Scenario: Why Is Performance Degrading over Time?

You have a smaller Elasticsearch cluster hosted on Elastic Cloud and you’ve noticed that performance seems to have declined recently. The response time during searches seems to have gone up, and overall the system just doesn’t seem to perform quite as well as it used to. You have already looked at the cluster performance metrics and have confirmed that both index and search response times have increased steadily and remained higher than before. So what explains the performance degradation?

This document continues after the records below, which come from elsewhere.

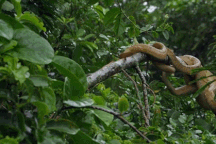 Hòn đảo có hàng nghìn con rắn bò lúc nhúc, được ví là nghĩa địa chết chóc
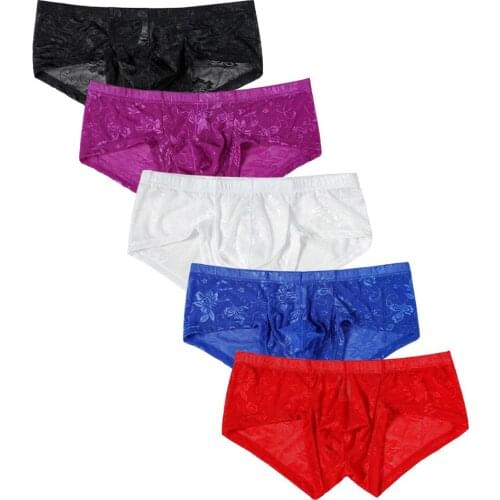 5Pcs/ lot New Sexy Boxer Panties Lace Prints Mesh Transparent Breathable Low-rise Boxershorts Men M L XL 2XL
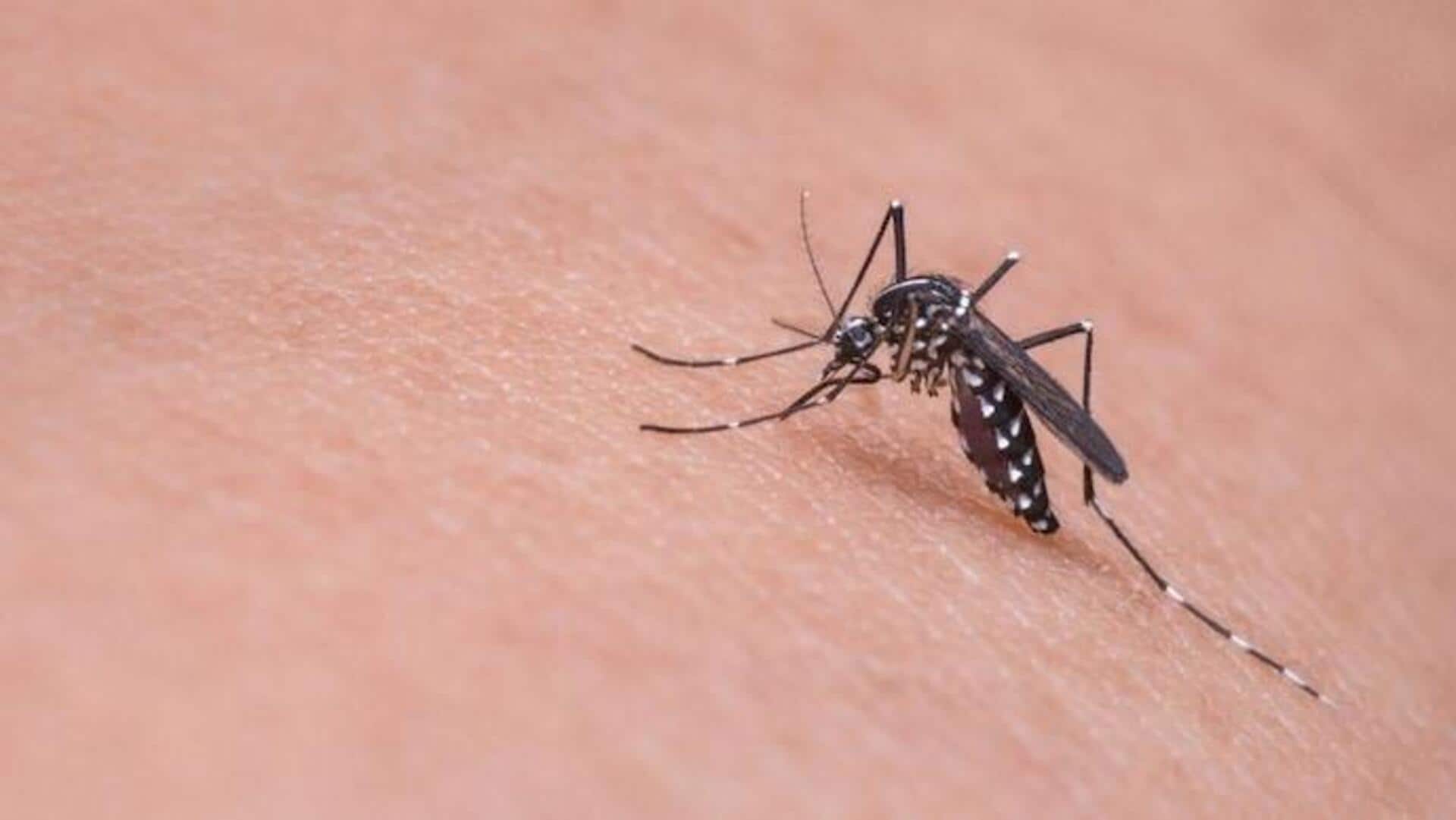 Health Tips: దోమల బెడద నుంచి తప్పించుకోవాలని అనుకుంటున్నారా? ఈ 5 చిట్కాలు పాటించండి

When you look in the Cluster Performance Metrics section of the Elastic Cloud Console, you see the following metrics:

CPU usage versus CPU credits over time

Between just after 00:10 and 00:20, excessively high CPU usage consumes all CPU credits until no more credits are available. CPU credits enable boosting the assigned CPU resources temporarily to improve performance on smaller clusters up to and including 4 GB of RAM when it is needed most, but CPU credits are by their nature limited. You accumulate CPU credits when you use less than your assigned share of CPU resources, and you consume credits when you use more CPU resources than assigned. As you max out your CPU resources, CPU credits permit your cluster to consume more than 100% of the assigned resources temporarily, which explains why CPU usage exceeds 100%, with usage peaks that reach well over 400% for one node. As CPU credits are depleted, CPU usage gradually drops until it returns to 100% at 00:30 when no more CPU credits are available. You can also see that after 00:30 credits gradually begin to accumulate again.

If you need your cluster to be able to sustain a certain level of performance, you cannot rely on CPU boosting to handle the workload except temporarily. To ensure that performance can be sustained, consider increasing the size of your cluster.